28. October 2023
I recently read the essay Sometimes reforming: Martin Luther, the church and the rest of us, and if it had ended with "Sometimes the most we can do is 'give a witness' by our dissent and hope for reformation when future generations take up the cause for social and spiritual transformation," I would have thought that essay was a brilliantly-worded treatise on why Christians should reflect on Luther's words and actions this October 31st. Unfortunately, the essay didn't end there, and its author, Bill Leonard, spent the succeeding paragraph lashing out at non-Baptists and pro-Trumpers. (And just to be clear - I am decidedly NOT pro-Trump. I have publicly spoken out against Trump on many occasions, but that's another story.)
Throughout the "On All Hallows' Eve 2023" paragraph, Leonard doesn't mince words when he equates the actions and attitudes of those with whom he disagrees with the 19th-century pro-slavery crowd and suggests that evangelicals are on an equal footing with the rest of today's sin-obsessed society. (Note that from a historical perspective, Leonard's pro-Baptist sentiments conveniently overlook the pro-slavery views held by the Southern Baptist Convention that upheld slavery and helped pave the way toward Civil War. Leonard also fails to mention that it was largely evangelicals from the Second Great Awakening who opposed slavery, and he makes no mention of Methodists who referred to slavery as the "execrable sum of all villainies," but I digress.) Leonard's entire "All Hallows' Eve 2023" paragraph is nothing short of "denomination bashing," which is a behavior that ultimately portrays all of Christianity in a bad light, and for which people have said to me on numerous occasions: "That's why I wouldn't want to become a Christian: you Christians are always fighting each other."
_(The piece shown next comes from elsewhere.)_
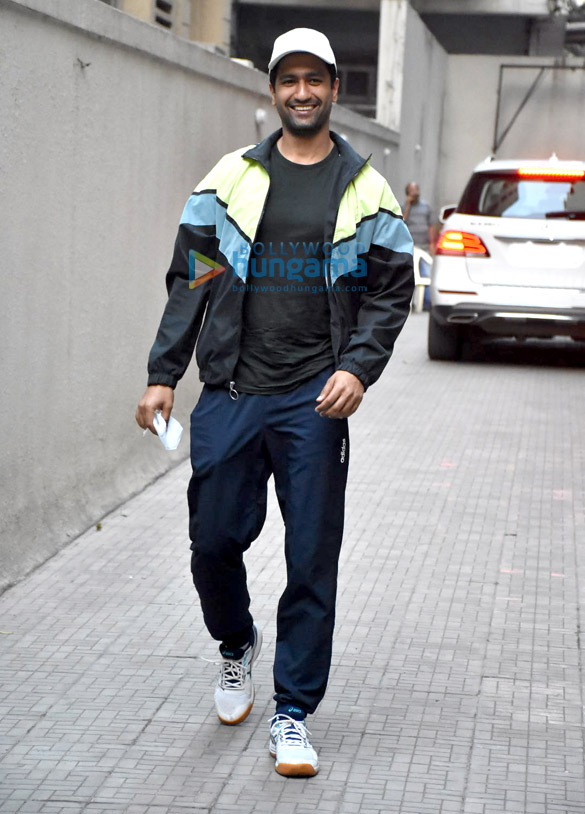 photos vicky kaushal spotted at dharma office in khar 3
When viewing this essay as a whole, what started out so well as a history lesson about Martin Luther and a call for contemplation on the role of dissent within our Christian lives quickly descended into a veiled attack on those with whom the article's author disagrees, and in so doing Leonard completely negates his opening quotation from Luther: "I will constrain no one by force, for faith must come freely without compulsion." With that in mind, I would suppose that some form of sarcastic kudos are warranted for the essay's author; his dissertation on Luther is so misguided that he completely misses the meaning of Luther's original prose, and he manages to publicly humiliate the church in the process. So I offer a brusque "bravo" to Bill Leonard for his essay; his opinions are exactly what the church needs today, but only if the church intends to fail miserably in modern society.